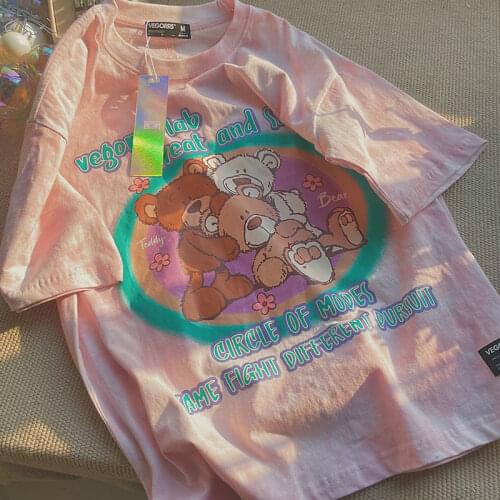 Harajuku T-shirts Summer Women Vintage Cartoon Bear Letter Print Pink Short Sleeve O-Neck Oversized Female Tops Tees Streetwear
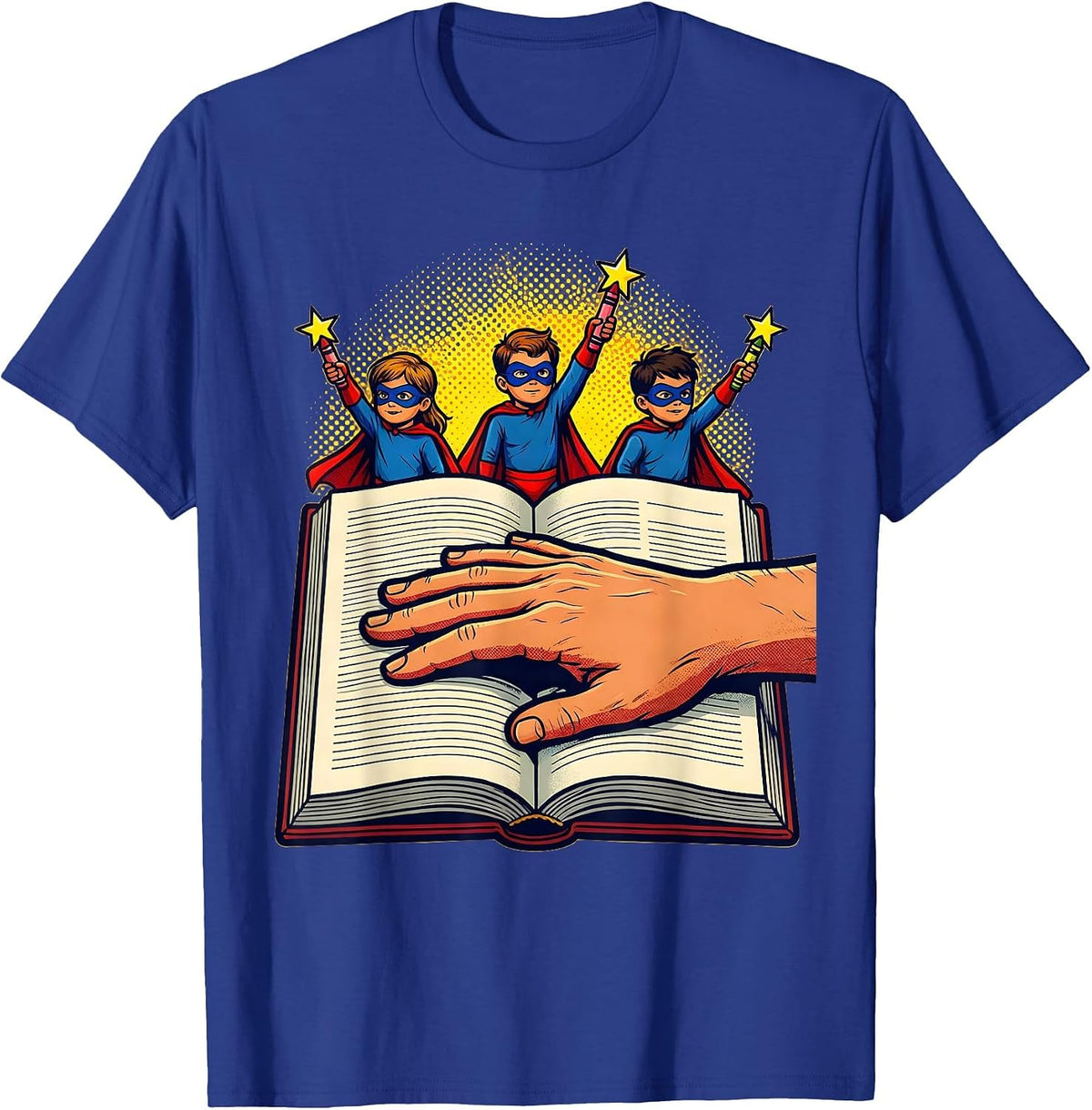 Teacher Superhero Preschool Kids Pop Art T-Shirt - Royal Blue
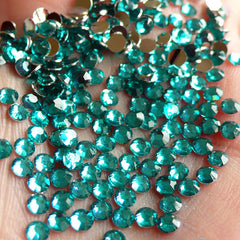 3mm Round Rhinestones | 14 Faceted Cut Resin Rhinestones (Teal Blue Green / Around 1000 pcs)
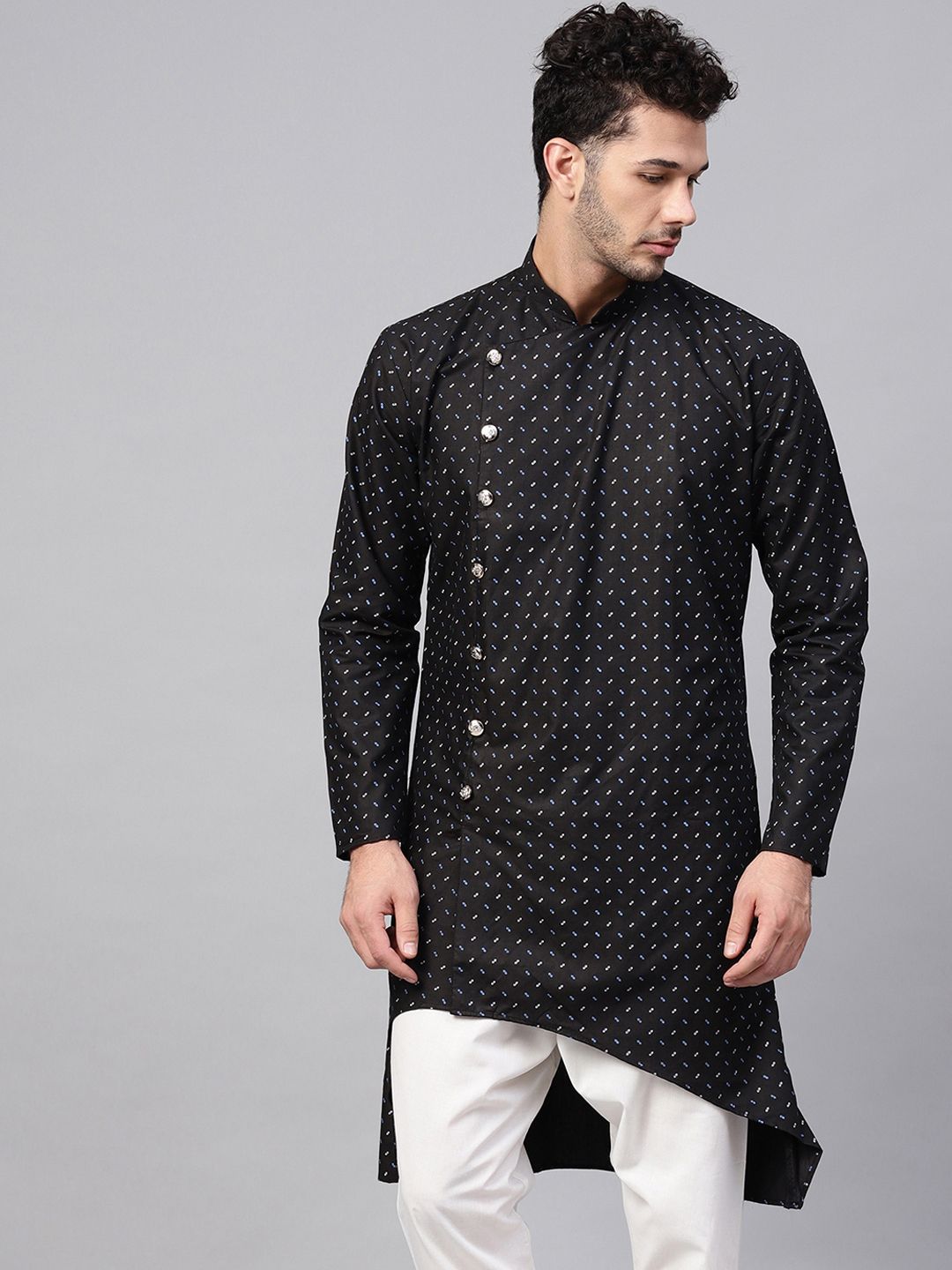 SOJANYA Men Black Printed Asymmetric Straight Kurta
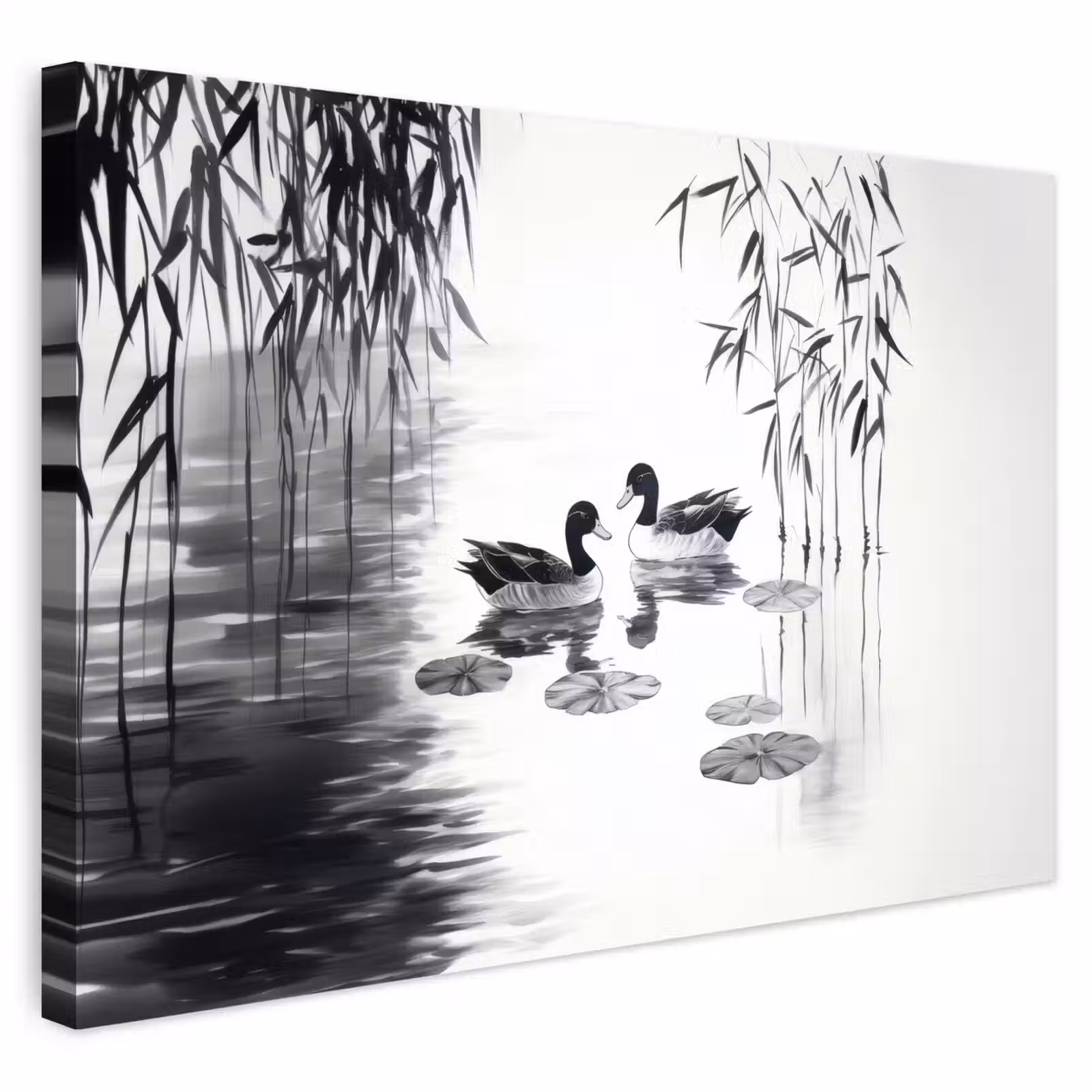 Buiten canvas - Eenden - Waterlelies - Riet - Zwart — 1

+ + + +

To answer, repeat exactly the lines from the line containing "SOJANYA Men Black" through the last line of the data above, leaving out all pictures.

▶ Answer section:
 SOJANYA Men Black Printed Asymmetric Straight Kurta
 Buiten canvas - Eenden - Waterlelies - Riet - Zwart — 1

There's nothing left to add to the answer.